DATASET EXCERPTS:
--- START ---

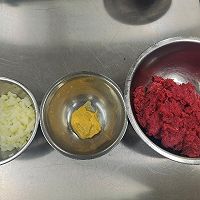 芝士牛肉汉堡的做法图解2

--- END ---
--- START ---

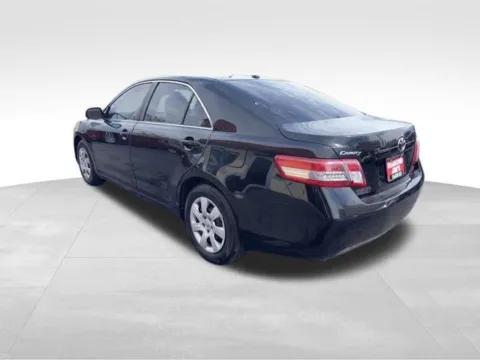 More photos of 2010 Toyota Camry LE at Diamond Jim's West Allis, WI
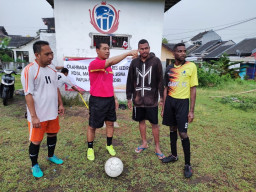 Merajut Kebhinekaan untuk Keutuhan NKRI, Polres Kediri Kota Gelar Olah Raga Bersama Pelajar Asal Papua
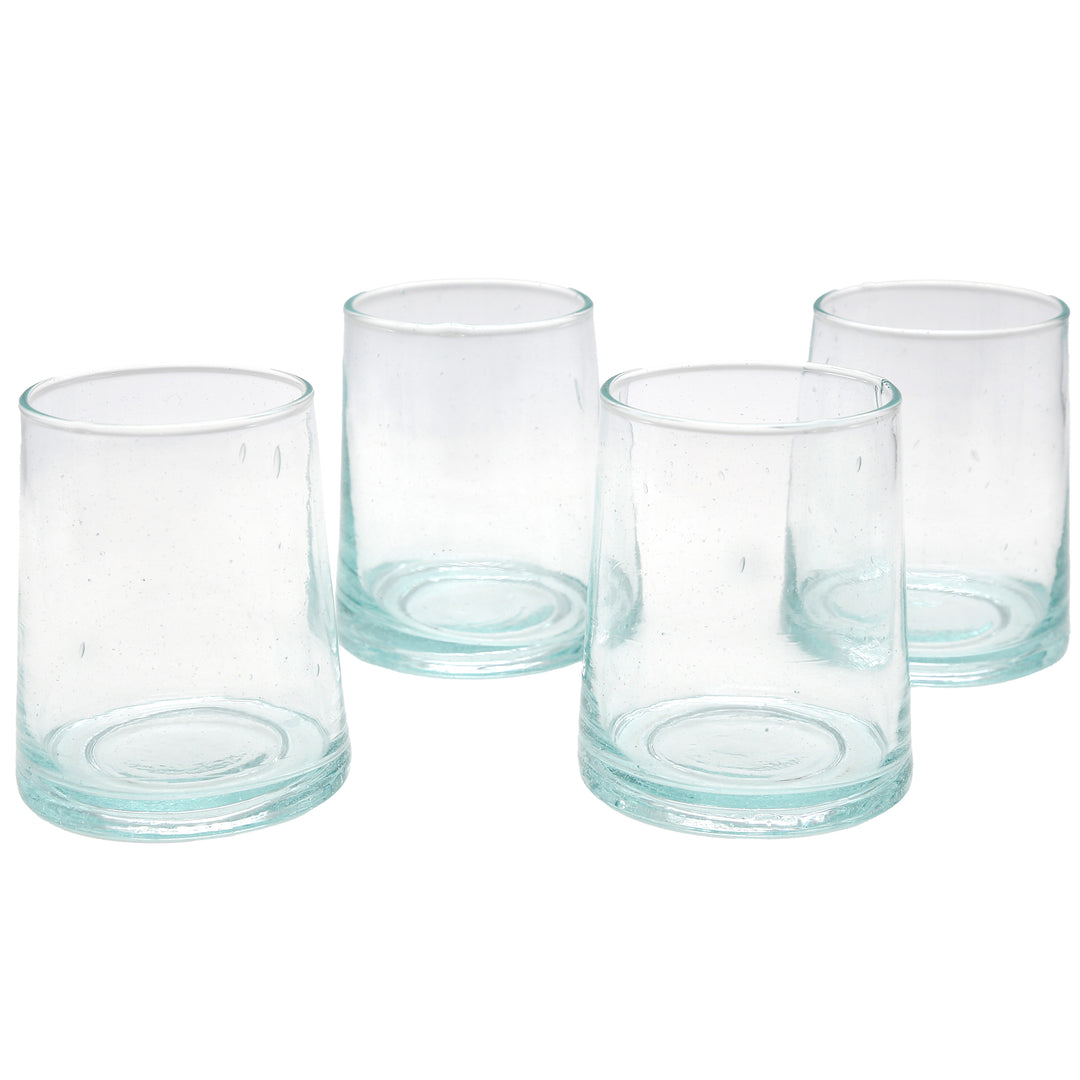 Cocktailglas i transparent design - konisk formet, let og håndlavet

--- END ---

TASK BRIEF: Return exactly the part of the listing above that opens with the line containing "Merajut Kebhinekaan untuk" and closes with the line containing "Cocktailglas i transparent". Pictures stay out.

EXERCISE OUTPUT:
 Merajut Kebhinekaan untuk Keutuhan NKRI, Polres Kediri Kota Gelar Olah Raga Bersama Pelajar Asal Papua
 Cocktailglas i transparent design - konisk formet, let og håndlavet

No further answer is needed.